How much so? I counted every time Jeter’s name was said during the game, and I counted every time the camera showed Jeter in a non-necessary shot, i.e., not while he was batting, running the bases, fielding a ball, etc. This wasn’t an original idea; Paul Boye was counting Jeter mentions and camera shots before he got exhausted by the task in the fourth inning. Deadspin’s Timothy Burke, more resourceful than me, counted the mentions in the closed captioning logs. Heavens, do I wish I’d thought to do that (or knew how to do that). Thanks to him, you can even watch every instance, some of which came in the pre-game (which I didn’t count).
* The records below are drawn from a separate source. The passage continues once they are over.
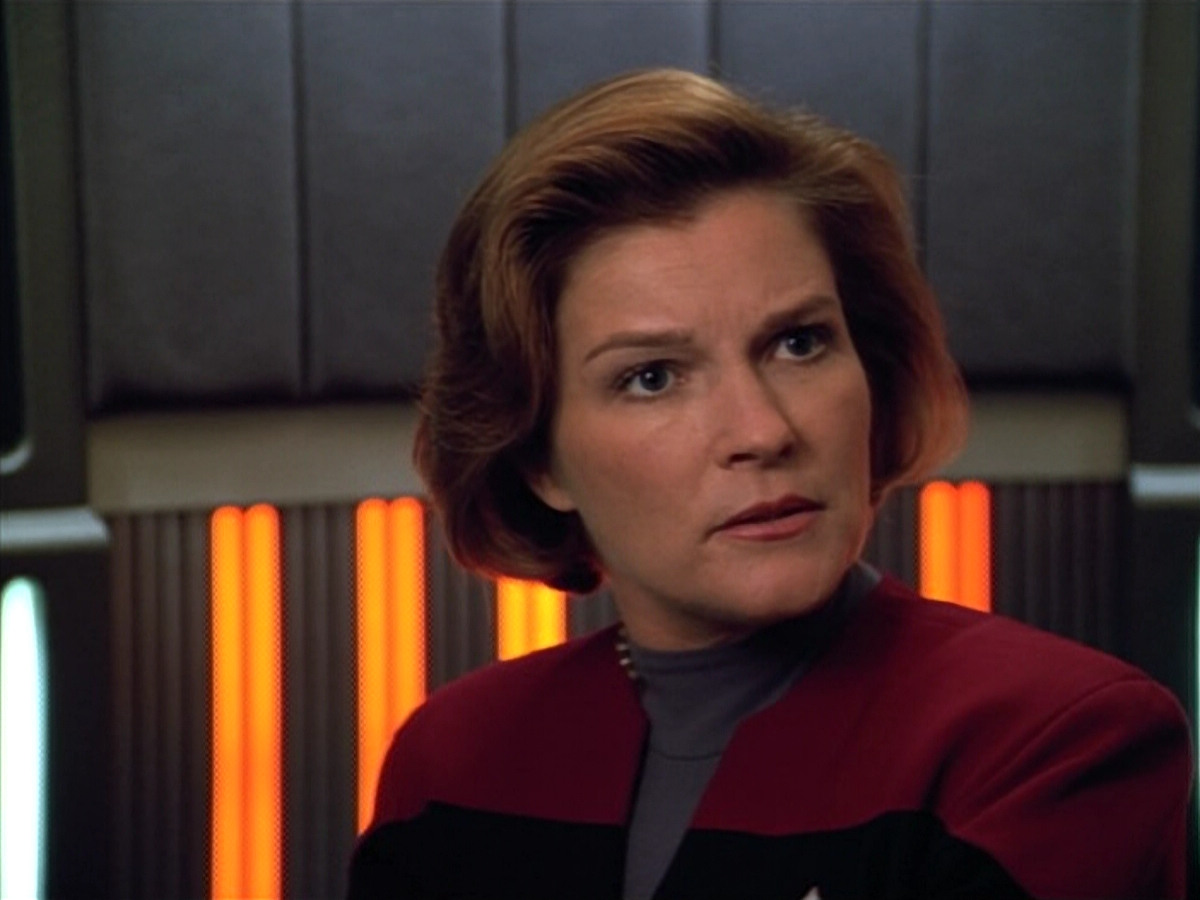 extant_StarTrek_VOY_4x13-WakingMoments_01023.jpg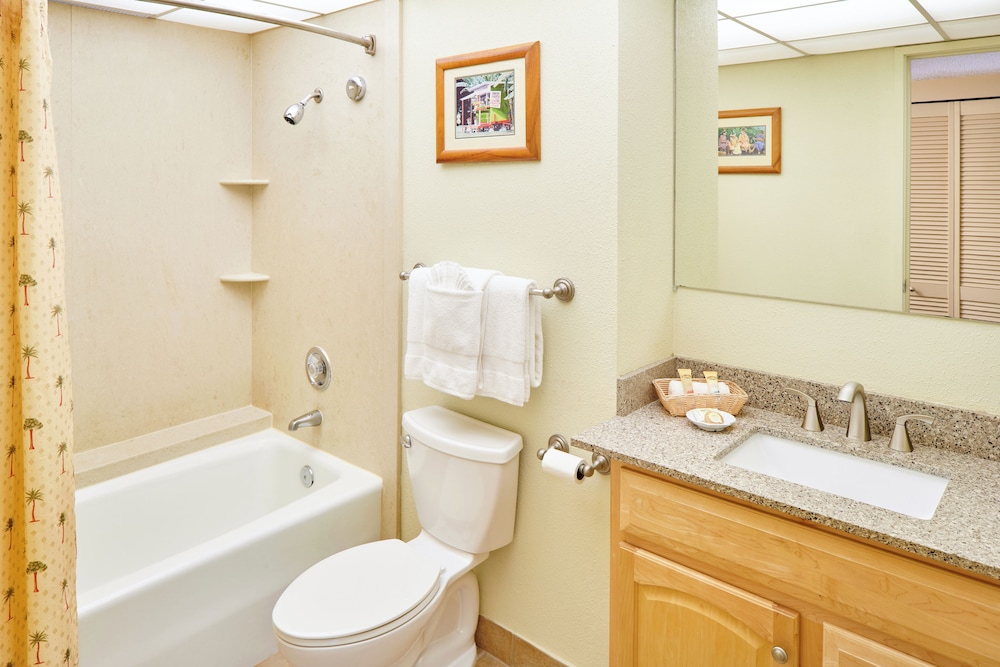 Suite, 2 Bedrooms, 2 Bathrooms, Oceanfront thumbnail 5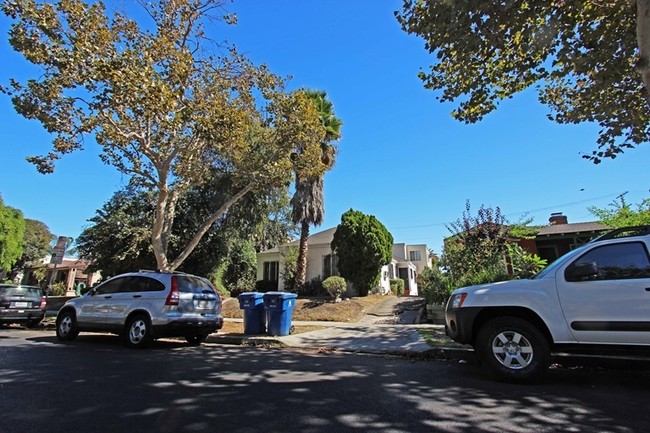 826 N Formosa Ave in Los Angeles, CA - Foto de edificio - Building Photo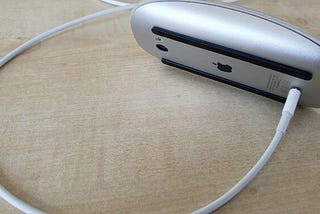 Apple Magic Mouse 2: The Design Problem Is More Obvious Than You Think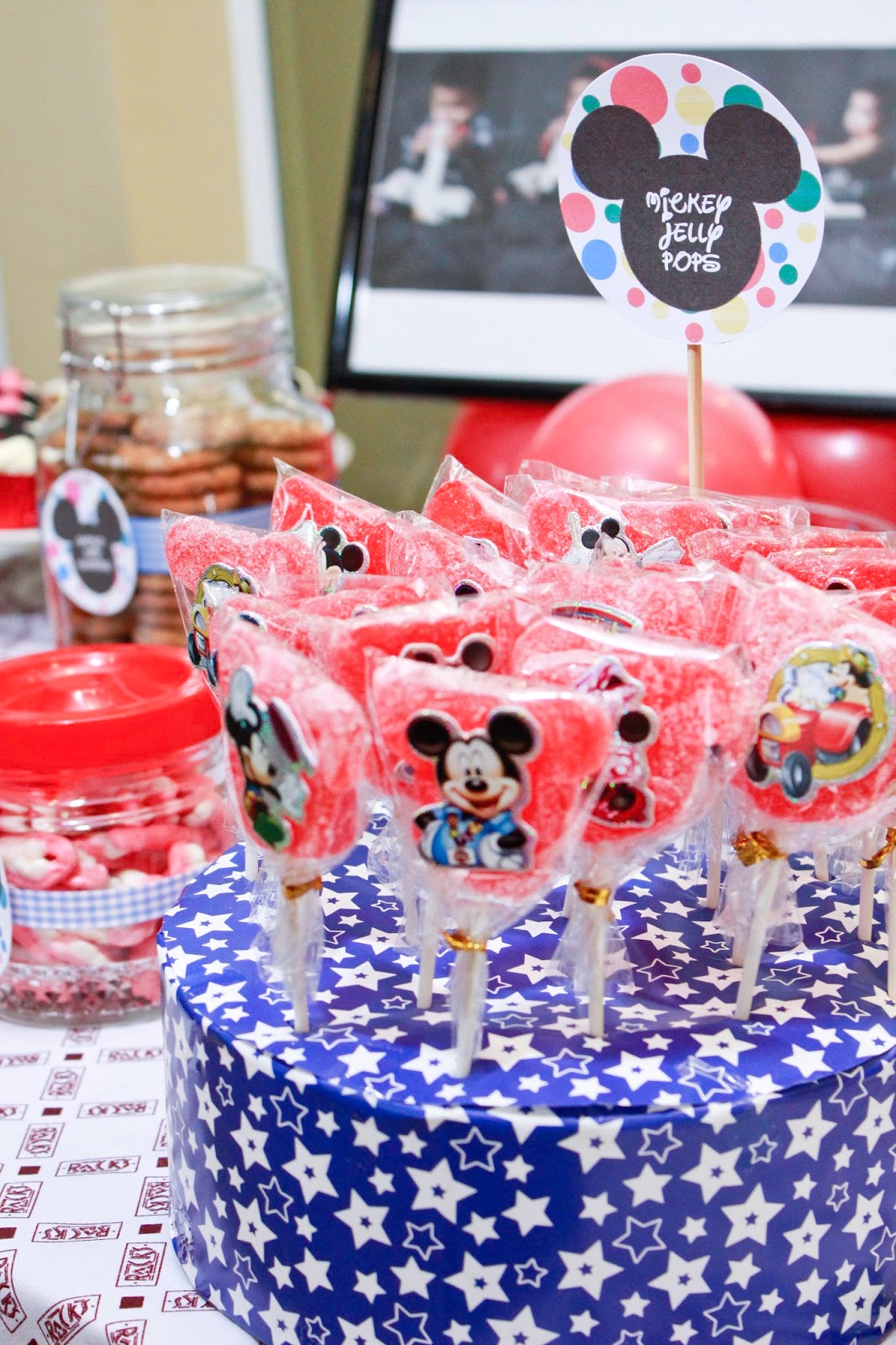 Tweedledee Creatives: Lazlo\'s Mickey Mouse Party! Tweedledee Creatives: Lazlo\'s Mickey Mouse Party!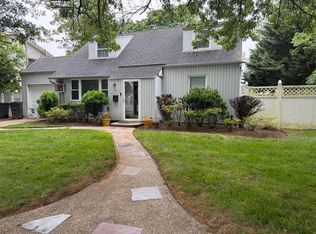 (Undisclosed Address), Hewlett, NY 11557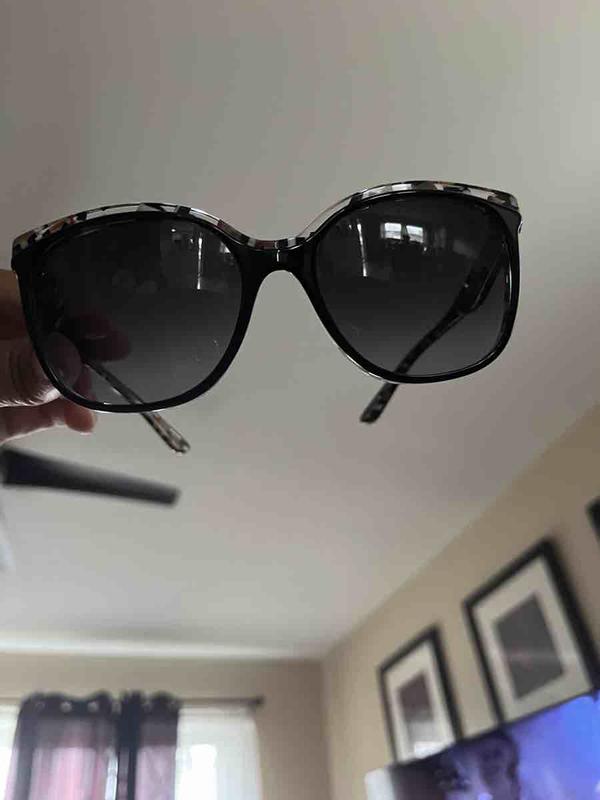 Review Thumbnail Image 0 229876957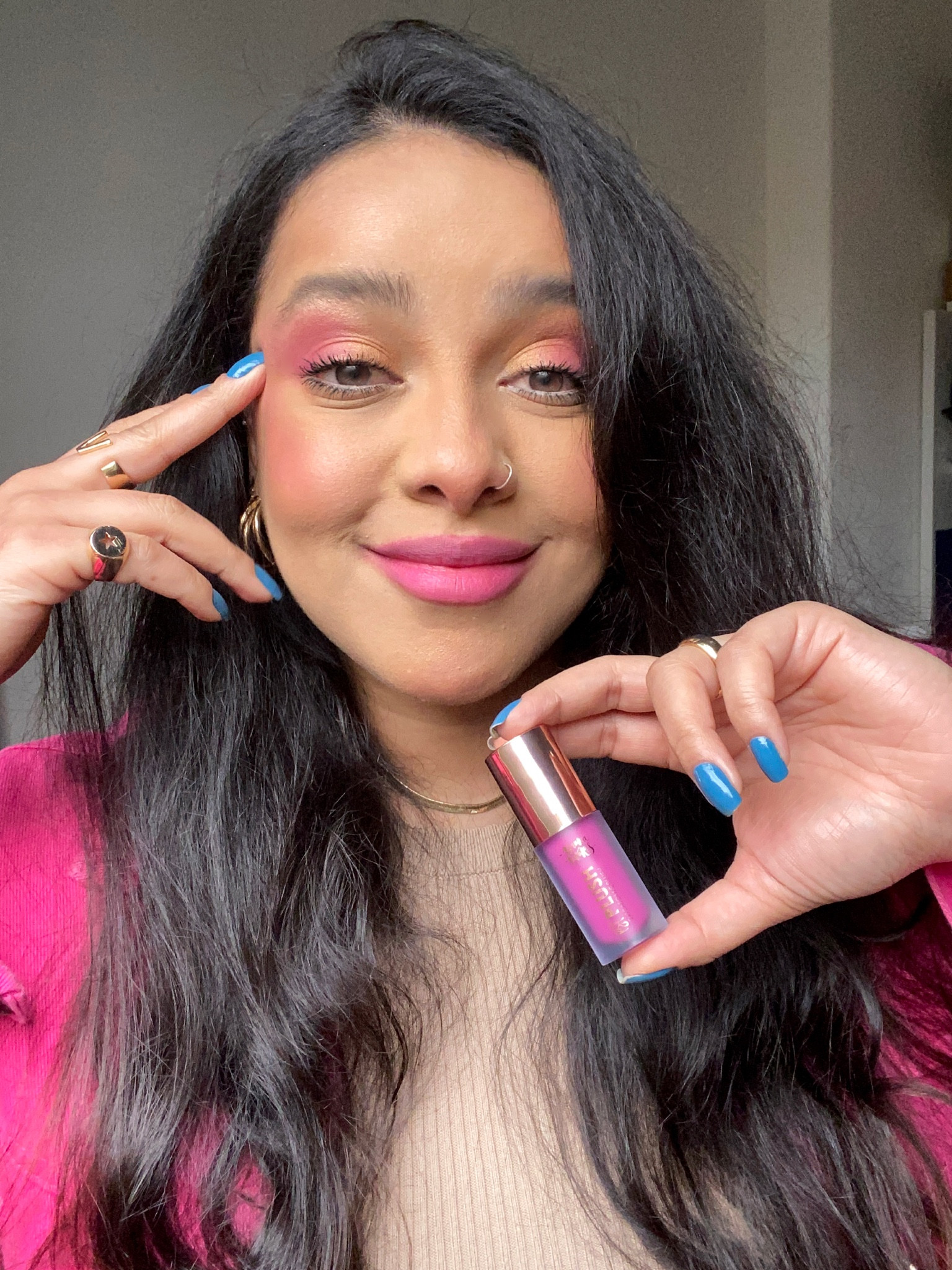 Full Make com Bt Plush Candy que é um produto must have por ser multifuncional, podendo ser usado nos olhos, bochechas e lábios! Tem cores coringas e textura aveludada com acabamento matte! 👌🏽☺️💕

#LTKbrasil #LTKbeauty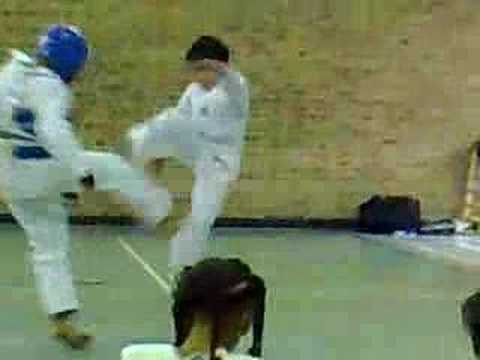 taekwondo kids uk (adrienne vs james part 3)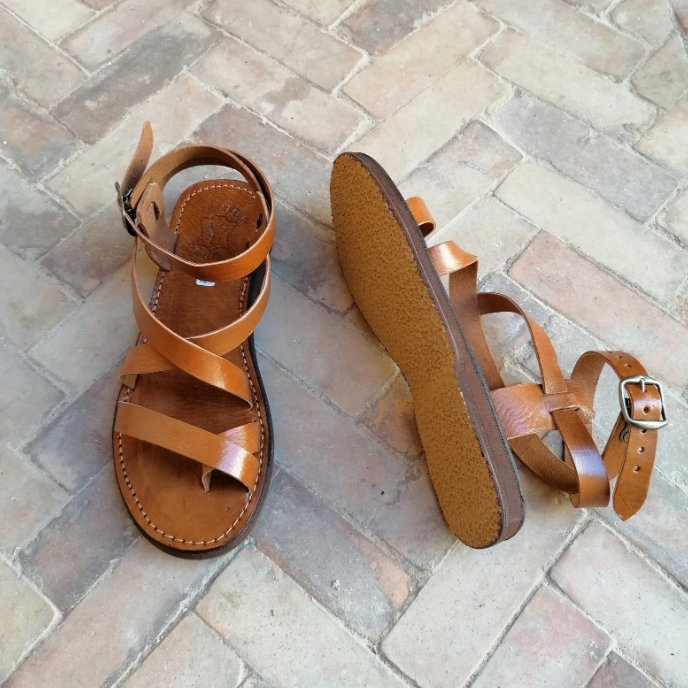 สีน้ำตาล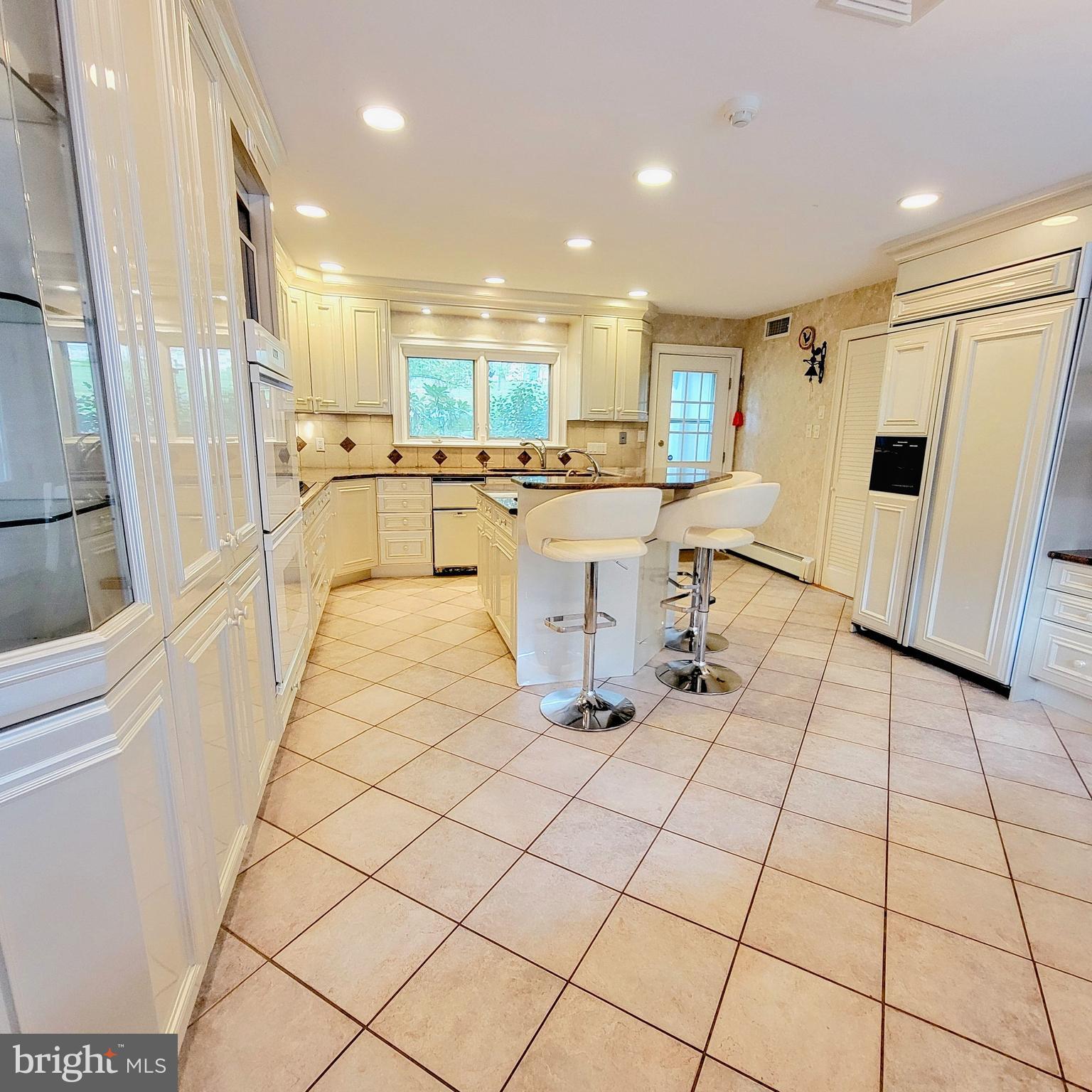 FORT WASHINGTON - Residential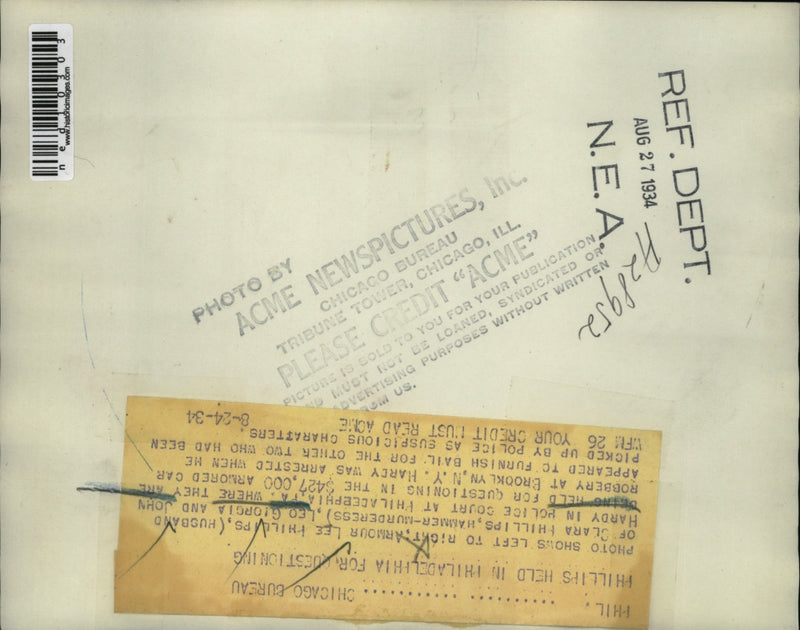 Load image into Gallery viewer, 1934 Press Photo L. Phillips, L. Giorgia and J. Hardy being held in Police court
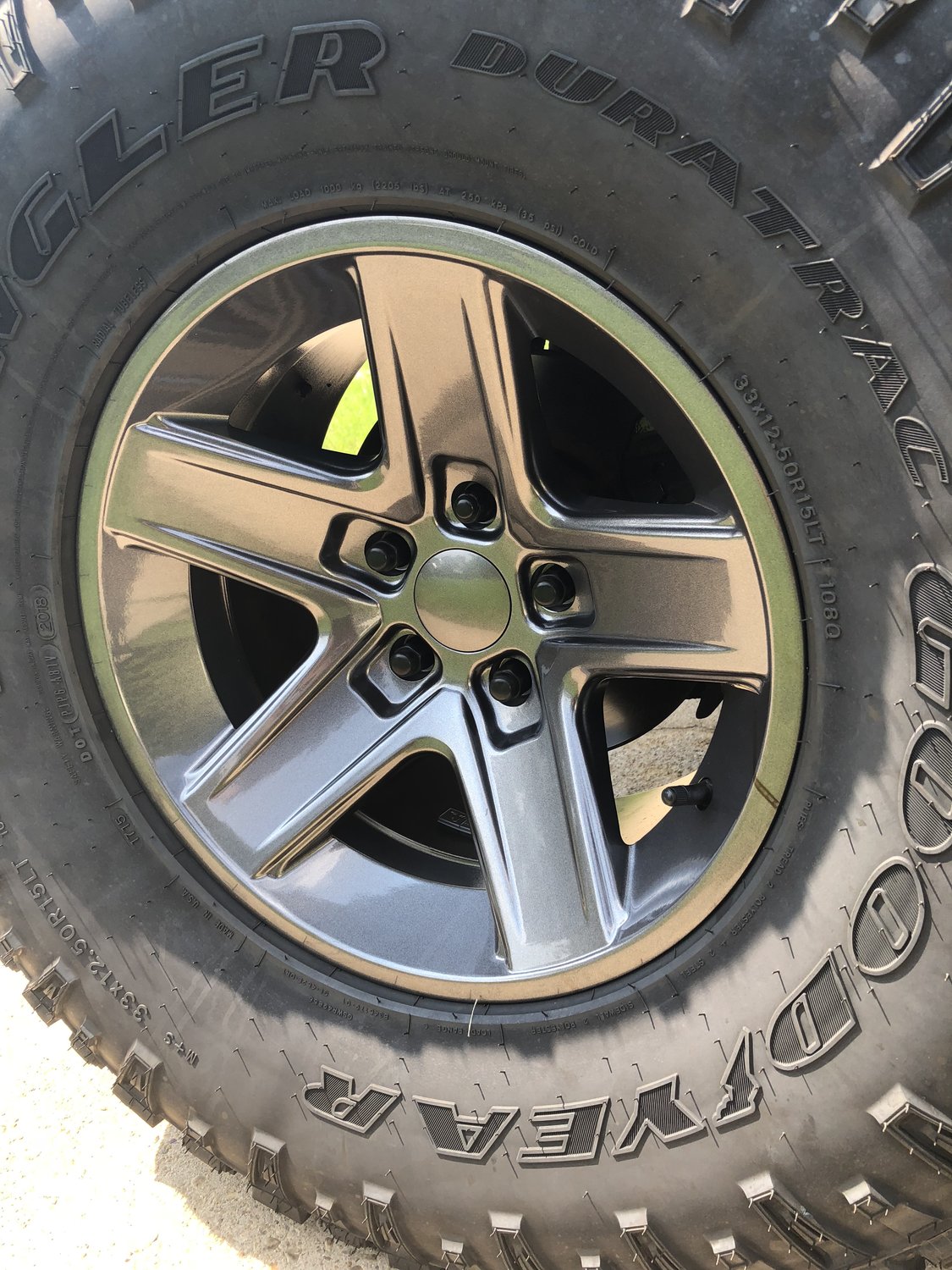Quadratec Rubicon Xtreme Wheel In Gun Metal Gray For 84 06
I also counted every other player’s mentions. Partly to put Jeter’s ownership of this All-Star game in perspective. Partly because I was just curious if it would turn into something interesting. The results:
Pretty good! As for the rest, The stars:
The guys who did things:
The second-tier stars
The guys America just got introduced to, briefly:
The All-Stars at least one of the three announcers had never heard of:
Hunter Pence/unused bench players:
There needs to be an All-Star Ownership stat to put this in perspective—ratio of one player’s mentions to the next highest, or something. If my count is close to correct, Jeter’s mentions outnumber the cumulative mentions of 28 other All-Stars. They match the combined mentions of the game’s MVP, the MVP runner-up, the winning pitcher, and the guy who got the save.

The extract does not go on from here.